• [Work instruction] Look through the data below for the line with "Rundpfosten aus Kunststoff Horses Home" and the line with "Fast Buds Cannabis", then transcribe exactly from the first through the second, leaving out all pictures.

::::::::

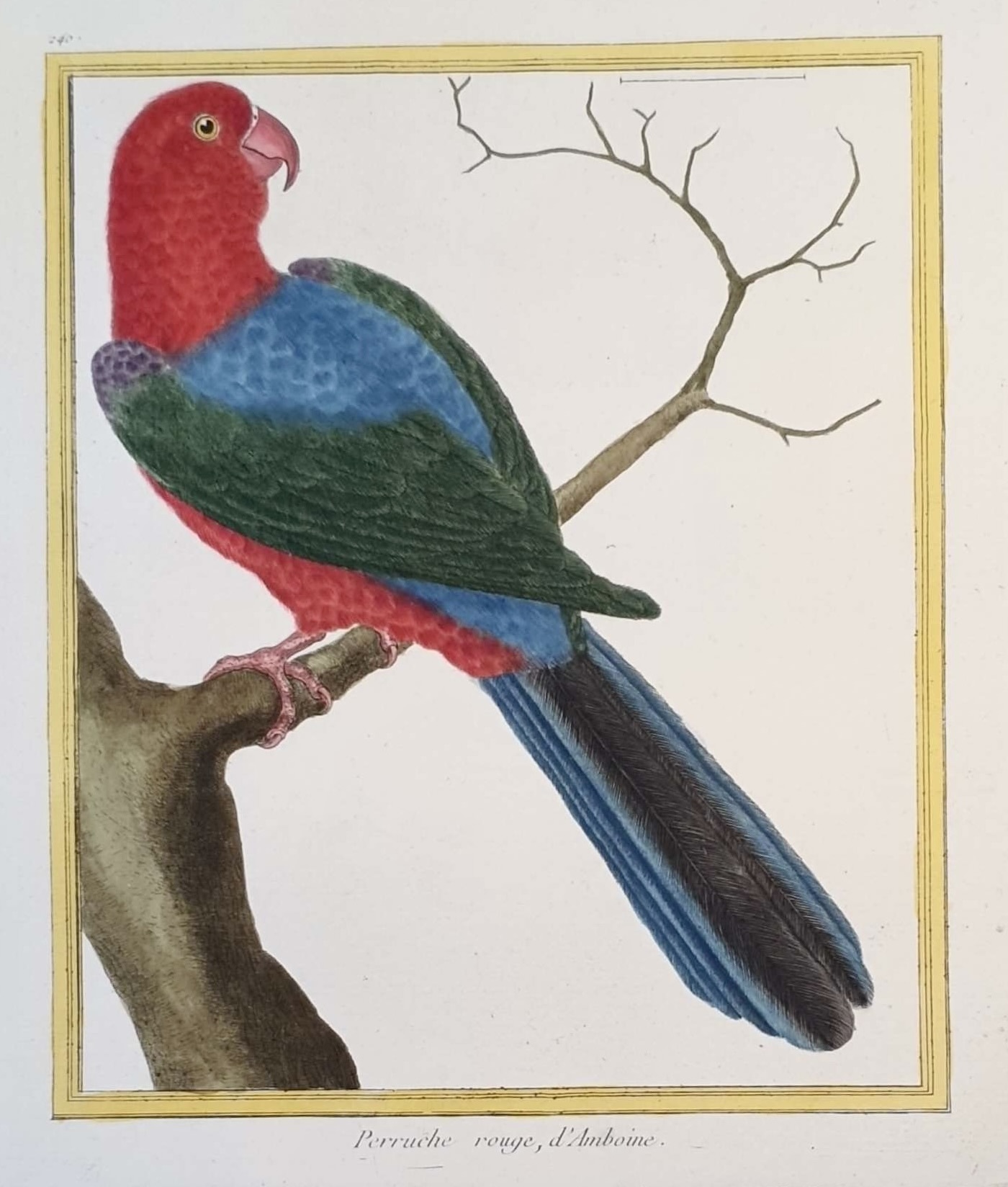 MARTINET, François Nicolas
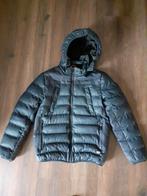 izgst! Cars Jeans winterjas jongen maat 14/164 donkerblauw, Ophalen of Verzenden, Zo goed als nieuw, Cars jeans, Jongen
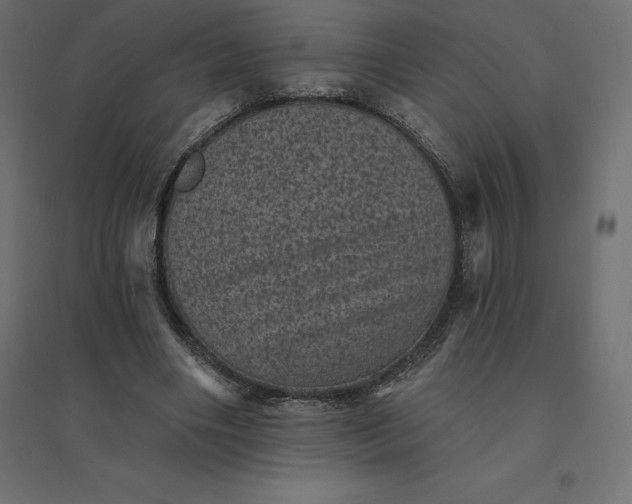 X0000094440490200711211459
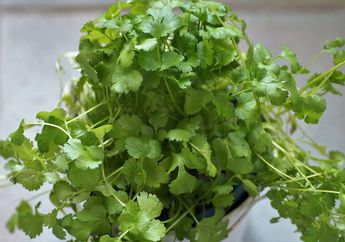 Menunda Keriput di Wajah hingga Atasi Masalah Jerawat, Ini Manfaat Daun Ketumbar untuk Kecantikan Kulit, Begini Cara Menggunakannya!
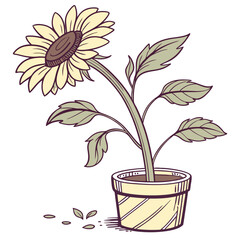 sunflower-in-pot-on-white-background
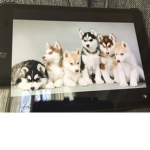 Husky Hugs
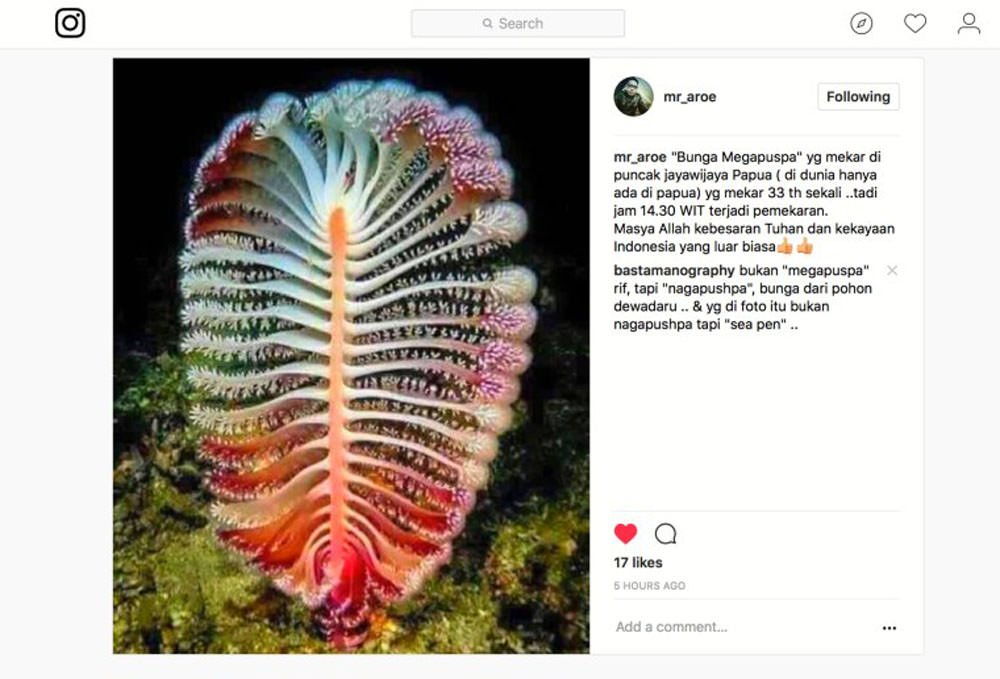 Gambar yang disebut-sebut sebagai bunga megapuspa adalah soft coral jenis sea pen. Tempatnya di kedalaman laut, bukan di Puncak Jayawijaya.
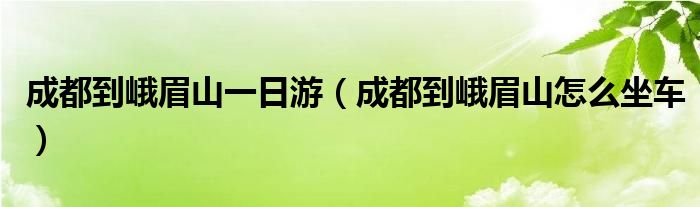 成都到峨眉山一日游（成都到峨眉山怎么坐車）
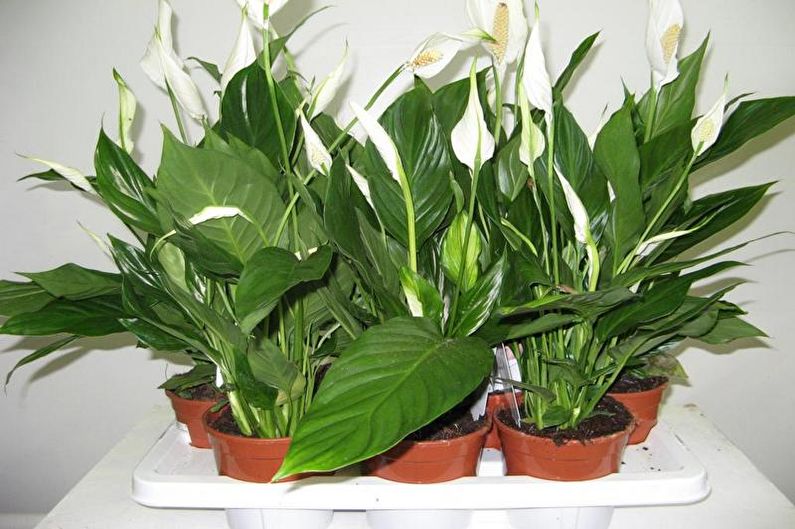 Spathiphyllum - Ánh sáng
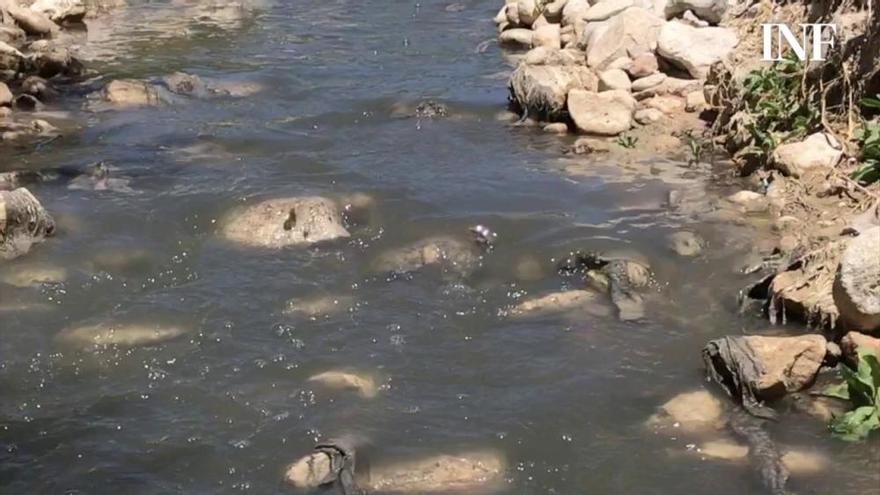 El Observatorio del Vinalopó exige el fin de los vertidos al río y alerta del impacto ambiental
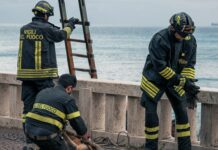 Celle Ligure, capriolo in pericolo sulla scogliera, arrivano i vigili del fuoco capriolo celle ligure vigili del fuoco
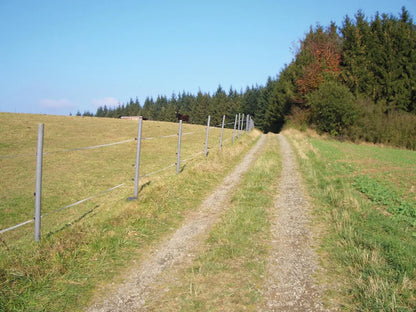 Rundpfosten aus Kunststoff Horses Home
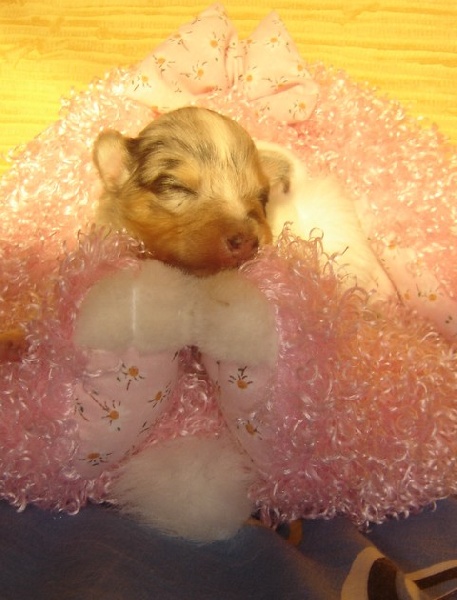 Blue tentation Du Grand Champ D' Aubertans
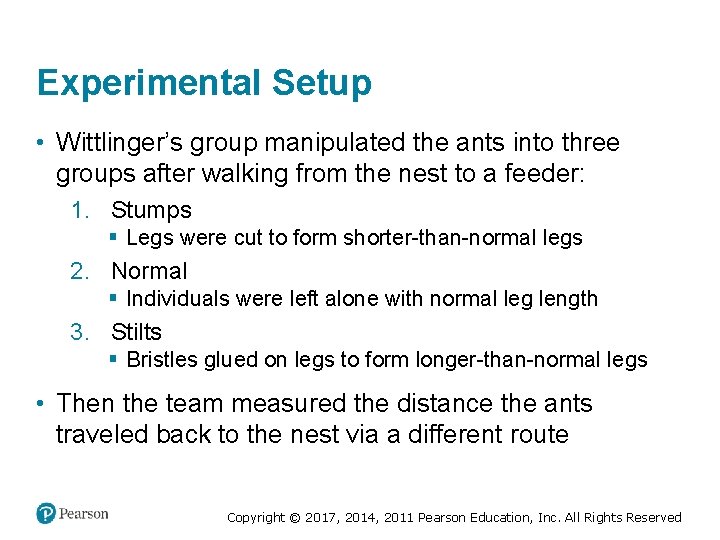 Experimental Setup • Wittlinger’s group manipulated the ants into three groups after walking from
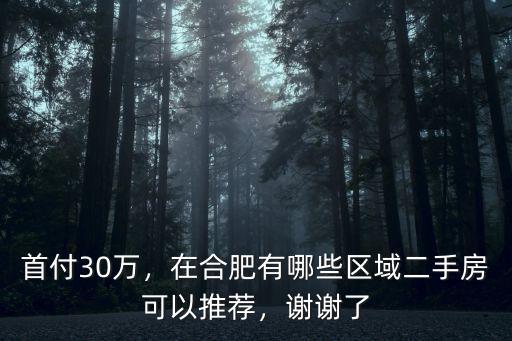 首付30萬，在合肥有哪些區域二手房可以推薦，謝謝了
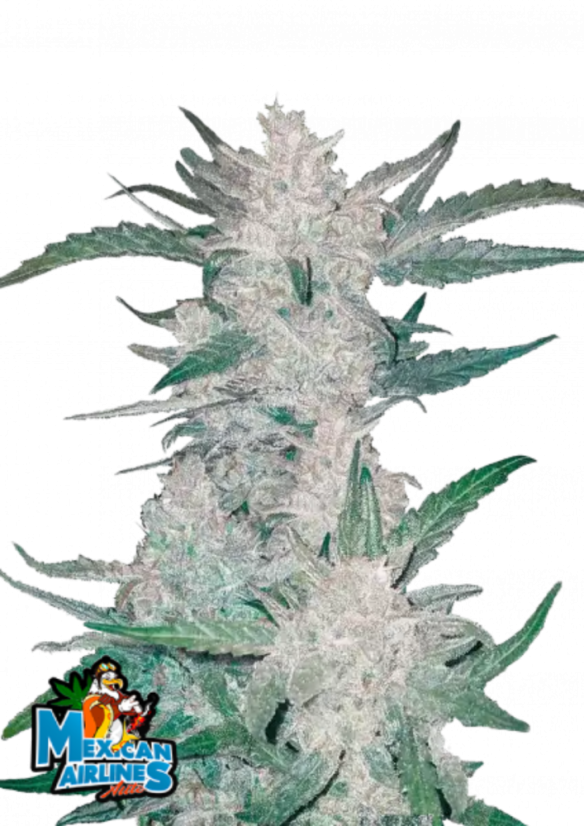 Fast Buds Cannabis Seeds Mexican Airlines Auto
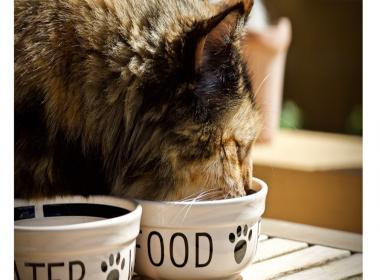 Should you feed kibble or wet cat food to your cats
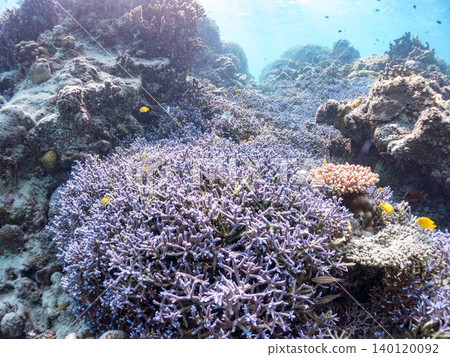 綠雀鯛 (Chromis viridis)、珍珠雀鯛 (Chromis margaritifer)、珍珠雀鯛 (Chromis margaritifer) 綠雀鯛 (Chromis viridis)、珍珠雀鯛 (Chromis margaritifer)、珍珠雀鯛 (Chromis margaritifer) 140120092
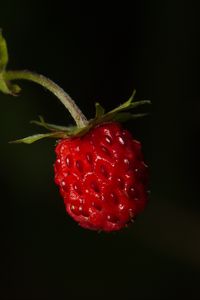 Preview wallpaper strawberries, strawberry, berry, ripe, red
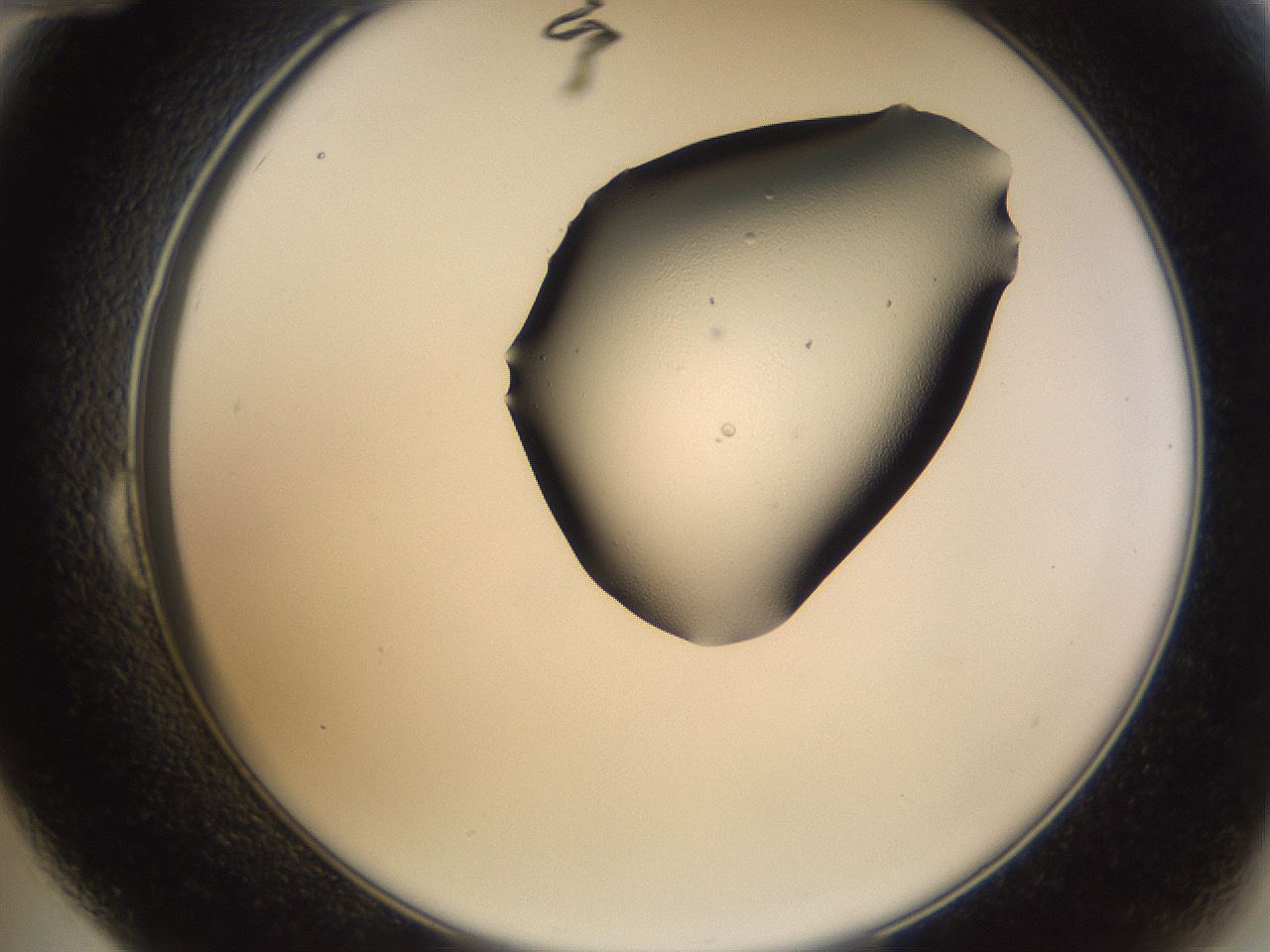 folderID244_plateID3244_batchID18594_wellNum24_profileID1_d2_r283506_ef.jpg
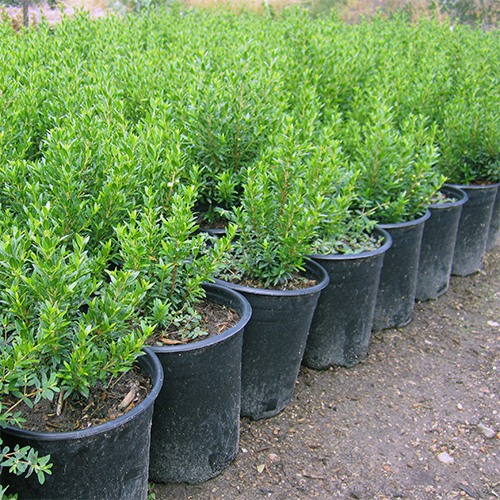 Dwarf Myrtle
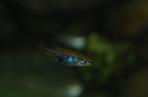 Allotoca maculata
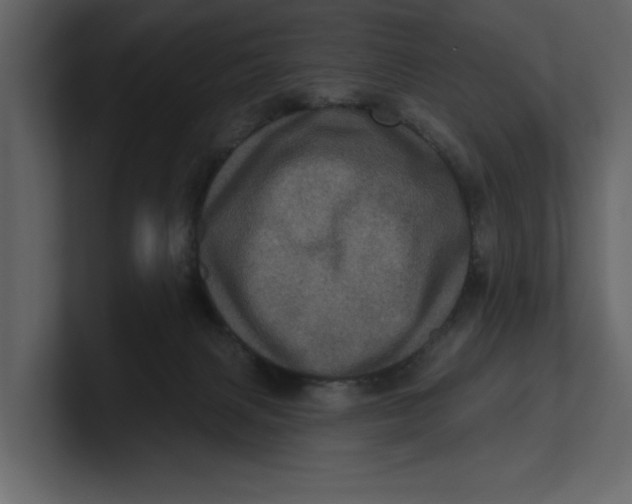 X0000100920079200807151231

::::::::

• [Your solution]
 Rundpfosten aus Kunststoff Horses Home
 Blue tentation Du Grand Champ D' Aubertans
 Experimental Setup • Wittlinger’s group manipulated the ants into three groups after walking from
 首付30萬，在合肥有哪些區域二手房可以推薦，謝謝了
 Fast Buds Cannabis Seeds Mexican Airlines Auto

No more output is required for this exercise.